§ **Exercise**
Out of the material that follows, write out exactly the lines from the line with "Figure 5—figure supplement 3." to the line with "Astrometry report", both ends included, and no others.

§ **Provided entries**
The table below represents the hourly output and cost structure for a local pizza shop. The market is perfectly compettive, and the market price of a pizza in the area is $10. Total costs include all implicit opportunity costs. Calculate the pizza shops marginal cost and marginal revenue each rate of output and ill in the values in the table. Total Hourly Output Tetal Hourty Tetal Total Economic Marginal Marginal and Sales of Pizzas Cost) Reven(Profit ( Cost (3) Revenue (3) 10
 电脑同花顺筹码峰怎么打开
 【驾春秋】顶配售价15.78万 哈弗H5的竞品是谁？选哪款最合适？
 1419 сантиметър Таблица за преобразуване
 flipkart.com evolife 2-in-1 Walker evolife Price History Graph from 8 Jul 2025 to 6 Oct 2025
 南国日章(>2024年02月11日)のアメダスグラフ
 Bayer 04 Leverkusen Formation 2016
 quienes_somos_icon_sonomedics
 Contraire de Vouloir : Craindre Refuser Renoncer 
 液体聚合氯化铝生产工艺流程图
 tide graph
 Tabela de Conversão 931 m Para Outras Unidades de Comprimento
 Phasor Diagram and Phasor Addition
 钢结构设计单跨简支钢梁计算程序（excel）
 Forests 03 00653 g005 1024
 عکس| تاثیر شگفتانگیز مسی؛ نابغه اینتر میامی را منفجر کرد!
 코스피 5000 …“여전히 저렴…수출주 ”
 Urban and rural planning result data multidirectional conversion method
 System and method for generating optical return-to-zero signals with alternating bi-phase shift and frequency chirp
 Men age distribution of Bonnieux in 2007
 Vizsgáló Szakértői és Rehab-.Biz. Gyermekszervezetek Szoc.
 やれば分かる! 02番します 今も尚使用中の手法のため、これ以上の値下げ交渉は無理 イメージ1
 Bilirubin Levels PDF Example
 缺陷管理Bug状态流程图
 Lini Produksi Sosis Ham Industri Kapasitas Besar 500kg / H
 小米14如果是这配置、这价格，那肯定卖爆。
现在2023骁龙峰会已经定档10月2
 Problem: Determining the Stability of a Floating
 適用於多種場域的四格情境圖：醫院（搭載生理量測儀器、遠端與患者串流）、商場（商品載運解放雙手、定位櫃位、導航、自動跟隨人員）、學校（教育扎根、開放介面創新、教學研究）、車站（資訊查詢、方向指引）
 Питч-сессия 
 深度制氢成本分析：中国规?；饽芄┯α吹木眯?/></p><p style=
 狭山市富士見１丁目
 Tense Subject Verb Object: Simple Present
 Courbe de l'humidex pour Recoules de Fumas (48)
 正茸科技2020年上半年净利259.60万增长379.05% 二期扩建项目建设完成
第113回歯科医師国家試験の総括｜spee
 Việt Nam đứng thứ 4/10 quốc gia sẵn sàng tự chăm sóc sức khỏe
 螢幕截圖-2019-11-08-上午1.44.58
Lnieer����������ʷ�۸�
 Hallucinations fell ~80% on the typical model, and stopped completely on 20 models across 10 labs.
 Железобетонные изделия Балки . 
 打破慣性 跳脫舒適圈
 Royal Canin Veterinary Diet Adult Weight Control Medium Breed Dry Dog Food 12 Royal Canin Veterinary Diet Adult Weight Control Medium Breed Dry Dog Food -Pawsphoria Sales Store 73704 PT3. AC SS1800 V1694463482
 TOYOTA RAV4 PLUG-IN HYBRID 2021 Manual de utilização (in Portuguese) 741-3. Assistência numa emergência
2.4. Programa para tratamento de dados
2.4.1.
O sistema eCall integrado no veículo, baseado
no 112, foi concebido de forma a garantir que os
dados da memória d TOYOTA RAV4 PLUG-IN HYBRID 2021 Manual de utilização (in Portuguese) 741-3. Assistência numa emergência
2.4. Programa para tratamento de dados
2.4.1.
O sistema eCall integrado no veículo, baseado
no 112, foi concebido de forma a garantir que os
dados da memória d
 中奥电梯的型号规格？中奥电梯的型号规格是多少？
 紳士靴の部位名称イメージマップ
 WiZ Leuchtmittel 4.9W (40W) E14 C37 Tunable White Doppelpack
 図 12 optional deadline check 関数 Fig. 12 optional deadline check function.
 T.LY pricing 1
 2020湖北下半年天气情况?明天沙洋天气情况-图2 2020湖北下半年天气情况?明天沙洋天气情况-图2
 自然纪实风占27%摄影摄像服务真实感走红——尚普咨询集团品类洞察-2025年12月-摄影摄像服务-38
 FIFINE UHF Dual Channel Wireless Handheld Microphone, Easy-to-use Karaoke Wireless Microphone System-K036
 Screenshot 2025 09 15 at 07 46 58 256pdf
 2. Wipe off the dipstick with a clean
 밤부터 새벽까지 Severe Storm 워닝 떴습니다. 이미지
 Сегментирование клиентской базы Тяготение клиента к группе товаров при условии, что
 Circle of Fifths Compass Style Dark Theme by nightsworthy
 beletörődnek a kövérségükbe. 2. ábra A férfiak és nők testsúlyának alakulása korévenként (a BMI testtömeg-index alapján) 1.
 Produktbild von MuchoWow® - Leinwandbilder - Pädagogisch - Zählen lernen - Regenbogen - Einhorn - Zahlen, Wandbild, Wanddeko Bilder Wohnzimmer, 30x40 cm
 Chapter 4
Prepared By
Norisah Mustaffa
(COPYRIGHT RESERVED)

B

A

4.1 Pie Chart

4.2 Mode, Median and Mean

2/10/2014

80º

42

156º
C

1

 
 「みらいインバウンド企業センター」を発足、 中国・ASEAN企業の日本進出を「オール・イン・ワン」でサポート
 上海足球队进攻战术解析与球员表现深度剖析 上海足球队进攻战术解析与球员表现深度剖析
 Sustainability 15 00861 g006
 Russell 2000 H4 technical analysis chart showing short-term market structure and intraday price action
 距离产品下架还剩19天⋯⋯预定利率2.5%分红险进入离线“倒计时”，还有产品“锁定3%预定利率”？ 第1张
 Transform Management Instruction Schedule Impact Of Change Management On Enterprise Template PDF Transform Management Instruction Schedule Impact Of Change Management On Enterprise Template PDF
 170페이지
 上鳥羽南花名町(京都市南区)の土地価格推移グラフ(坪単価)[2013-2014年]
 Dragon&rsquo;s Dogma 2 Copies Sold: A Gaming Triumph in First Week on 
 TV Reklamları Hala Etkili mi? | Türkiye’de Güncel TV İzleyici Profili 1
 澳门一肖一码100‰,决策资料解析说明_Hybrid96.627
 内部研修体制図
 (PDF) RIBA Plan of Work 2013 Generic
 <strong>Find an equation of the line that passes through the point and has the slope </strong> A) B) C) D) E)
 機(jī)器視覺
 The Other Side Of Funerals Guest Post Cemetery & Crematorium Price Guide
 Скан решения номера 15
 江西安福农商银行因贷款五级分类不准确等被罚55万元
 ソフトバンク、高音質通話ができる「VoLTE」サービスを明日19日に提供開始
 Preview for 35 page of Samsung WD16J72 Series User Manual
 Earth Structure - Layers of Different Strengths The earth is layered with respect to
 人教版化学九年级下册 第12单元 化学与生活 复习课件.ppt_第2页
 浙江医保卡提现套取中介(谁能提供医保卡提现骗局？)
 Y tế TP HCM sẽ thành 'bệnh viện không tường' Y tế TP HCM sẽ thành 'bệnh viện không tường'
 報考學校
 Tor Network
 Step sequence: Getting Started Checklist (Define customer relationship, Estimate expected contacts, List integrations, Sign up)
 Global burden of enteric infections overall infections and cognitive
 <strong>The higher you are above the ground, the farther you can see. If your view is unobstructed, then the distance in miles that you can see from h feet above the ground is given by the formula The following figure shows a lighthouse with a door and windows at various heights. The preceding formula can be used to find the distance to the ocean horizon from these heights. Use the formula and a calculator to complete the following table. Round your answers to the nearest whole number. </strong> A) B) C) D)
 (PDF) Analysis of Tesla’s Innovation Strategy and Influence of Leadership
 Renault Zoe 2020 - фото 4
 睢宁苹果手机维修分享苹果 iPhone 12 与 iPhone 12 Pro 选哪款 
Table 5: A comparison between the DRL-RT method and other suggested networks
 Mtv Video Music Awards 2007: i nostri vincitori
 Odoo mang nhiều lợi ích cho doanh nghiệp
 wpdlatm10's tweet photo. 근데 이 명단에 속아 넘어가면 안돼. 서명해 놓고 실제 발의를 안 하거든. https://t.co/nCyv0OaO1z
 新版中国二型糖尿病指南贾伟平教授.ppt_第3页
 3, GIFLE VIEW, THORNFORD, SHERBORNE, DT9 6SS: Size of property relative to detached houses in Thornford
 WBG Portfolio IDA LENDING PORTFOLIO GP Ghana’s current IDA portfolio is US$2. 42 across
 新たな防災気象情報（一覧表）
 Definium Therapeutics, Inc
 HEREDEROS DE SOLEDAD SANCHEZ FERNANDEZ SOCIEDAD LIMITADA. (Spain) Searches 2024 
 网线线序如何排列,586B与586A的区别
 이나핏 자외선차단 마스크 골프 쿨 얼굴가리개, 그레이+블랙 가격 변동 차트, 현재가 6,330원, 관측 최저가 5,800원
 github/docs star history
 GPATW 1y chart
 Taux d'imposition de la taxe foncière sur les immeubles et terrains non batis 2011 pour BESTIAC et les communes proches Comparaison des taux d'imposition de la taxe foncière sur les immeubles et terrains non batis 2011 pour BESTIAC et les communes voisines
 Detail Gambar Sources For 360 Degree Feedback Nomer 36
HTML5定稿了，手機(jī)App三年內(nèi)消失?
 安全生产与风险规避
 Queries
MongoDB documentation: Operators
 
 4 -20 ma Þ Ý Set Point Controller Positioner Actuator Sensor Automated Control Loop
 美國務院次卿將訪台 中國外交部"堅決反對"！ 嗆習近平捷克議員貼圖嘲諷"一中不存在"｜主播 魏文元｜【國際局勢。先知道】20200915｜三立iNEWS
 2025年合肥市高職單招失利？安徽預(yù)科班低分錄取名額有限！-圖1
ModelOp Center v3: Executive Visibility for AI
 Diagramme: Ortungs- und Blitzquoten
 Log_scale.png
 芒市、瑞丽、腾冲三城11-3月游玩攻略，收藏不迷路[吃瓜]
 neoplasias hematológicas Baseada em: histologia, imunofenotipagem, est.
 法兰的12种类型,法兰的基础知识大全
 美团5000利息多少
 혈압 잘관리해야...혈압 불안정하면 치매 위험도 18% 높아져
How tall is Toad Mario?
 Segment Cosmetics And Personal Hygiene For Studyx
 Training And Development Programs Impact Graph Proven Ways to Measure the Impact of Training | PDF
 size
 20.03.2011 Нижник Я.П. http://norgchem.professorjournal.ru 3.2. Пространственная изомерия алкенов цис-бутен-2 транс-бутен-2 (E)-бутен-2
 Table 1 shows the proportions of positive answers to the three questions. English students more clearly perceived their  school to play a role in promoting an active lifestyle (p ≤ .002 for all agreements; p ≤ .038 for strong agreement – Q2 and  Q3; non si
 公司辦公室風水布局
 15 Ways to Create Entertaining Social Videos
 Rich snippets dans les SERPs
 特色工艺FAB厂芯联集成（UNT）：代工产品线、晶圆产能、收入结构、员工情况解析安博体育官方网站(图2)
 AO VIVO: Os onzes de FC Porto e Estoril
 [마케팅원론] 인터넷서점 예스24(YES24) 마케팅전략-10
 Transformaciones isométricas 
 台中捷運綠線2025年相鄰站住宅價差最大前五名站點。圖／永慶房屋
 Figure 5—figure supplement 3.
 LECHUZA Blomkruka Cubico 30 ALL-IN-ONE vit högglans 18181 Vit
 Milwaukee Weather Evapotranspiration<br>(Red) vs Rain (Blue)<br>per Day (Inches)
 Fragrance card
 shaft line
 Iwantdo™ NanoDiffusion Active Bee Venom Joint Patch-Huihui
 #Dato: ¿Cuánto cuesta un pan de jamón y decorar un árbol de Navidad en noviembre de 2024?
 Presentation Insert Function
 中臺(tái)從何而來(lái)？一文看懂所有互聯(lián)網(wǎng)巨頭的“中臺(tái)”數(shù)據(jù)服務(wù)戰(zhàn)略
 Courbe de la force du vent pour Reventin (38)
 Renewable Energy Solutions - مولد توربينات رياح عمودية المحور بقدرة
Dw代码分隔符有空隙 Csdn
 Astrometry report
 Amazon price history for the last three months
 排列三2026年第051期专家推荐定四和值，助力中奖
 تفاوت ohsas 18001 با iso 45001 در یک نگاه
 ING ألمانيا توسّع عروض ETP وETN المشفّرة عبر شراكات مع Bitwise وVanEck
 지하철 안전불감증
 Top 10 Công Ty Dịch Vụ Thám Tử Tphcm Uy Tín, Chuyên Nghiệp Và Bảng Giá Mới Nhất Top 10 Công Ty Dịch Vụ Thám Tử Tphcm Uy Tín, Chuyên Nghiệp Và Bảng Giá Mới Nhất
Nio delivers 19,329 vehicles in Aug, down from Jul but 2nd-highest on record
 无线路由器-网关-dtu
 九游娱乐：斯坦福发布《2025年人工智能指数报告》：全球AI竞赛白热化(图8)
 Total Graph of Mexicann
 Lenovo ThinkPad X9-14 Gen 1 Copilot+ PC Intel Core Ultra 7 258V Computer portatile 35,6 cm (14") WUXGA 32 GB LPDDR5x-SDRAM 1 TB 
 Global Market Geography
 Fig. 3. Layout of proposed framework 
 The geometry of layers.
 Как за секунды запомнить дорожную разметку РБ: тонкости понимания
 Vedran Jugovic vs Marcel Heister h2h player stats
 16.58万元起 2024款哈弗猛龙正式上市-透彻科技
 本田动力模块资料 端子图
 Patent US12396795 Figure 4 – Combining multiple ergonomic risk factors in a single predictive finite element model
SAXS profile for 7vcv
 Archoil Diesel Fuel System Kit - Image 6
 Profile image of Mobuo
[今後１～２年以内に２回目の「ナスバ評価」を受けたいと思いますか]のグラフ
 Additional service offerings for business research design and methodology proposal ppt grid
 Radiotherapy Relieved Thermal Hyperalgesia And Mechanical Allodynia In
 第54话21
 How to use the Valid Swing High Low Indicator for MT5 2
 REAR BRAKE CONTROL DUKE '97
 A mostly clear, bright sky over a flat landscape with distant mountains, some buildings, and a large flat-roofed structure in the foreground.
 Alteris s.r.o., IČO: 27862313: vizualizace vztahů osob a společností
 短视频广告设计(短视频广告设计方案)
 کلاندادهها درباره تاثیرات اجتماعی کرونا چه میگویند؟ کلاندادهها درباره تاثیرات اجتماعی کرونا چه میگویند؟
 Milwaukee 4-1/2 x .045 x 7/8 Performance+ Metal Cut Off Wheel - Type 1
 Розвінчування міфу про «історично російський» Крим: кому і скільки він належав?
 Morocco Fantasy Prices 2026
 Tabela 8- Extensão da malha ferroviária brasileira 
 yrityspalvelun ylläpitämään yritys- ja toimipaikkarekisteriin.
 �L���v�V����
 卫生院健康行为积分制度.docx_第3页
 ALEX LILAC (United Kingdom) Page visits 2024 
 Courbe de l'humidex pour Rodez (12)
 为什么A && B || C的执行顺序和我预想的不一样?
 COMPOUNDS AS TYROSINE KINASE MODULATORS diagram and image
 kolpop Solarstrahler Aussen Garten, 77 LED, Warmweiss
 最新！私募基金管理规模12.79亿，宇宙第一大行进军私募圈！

§ **Task result**
 Figure 5—figure supplement 3.
 LECHUZA Blomkruka Cubico 30 ALL-IN-ONE vit högglans 18181 Vit
 Milwaukee Weather Evapotranspiration<br>(Red) vs Rain (Blue)<br>per Day (Inches)
 Fragrance card
 shaft line
 Iwantdo™ NanoDiffusion Active Bee Venom Joint Patch-Huihui
 #Dato: ¿Cuánto cuesta un pan de jamón y decorar un árbol de Navidad en noviembre de 2024?
 Presentation Insert Function
 中臺(tái)從何而來(lái)？一文看懂所有互聯(lián)網(wǎng)巨頭的“中臺(tái)”數(shù)據(jù)服務(wù)戰(zhàn)略
 Courbe de la force du vent pour Reventin (38)
 Renewable Energy Solutions - مولد توربينات رياح عمودية المحور بقدرة
Dw代码分隔符有空隙 Csdn
 Astrometry report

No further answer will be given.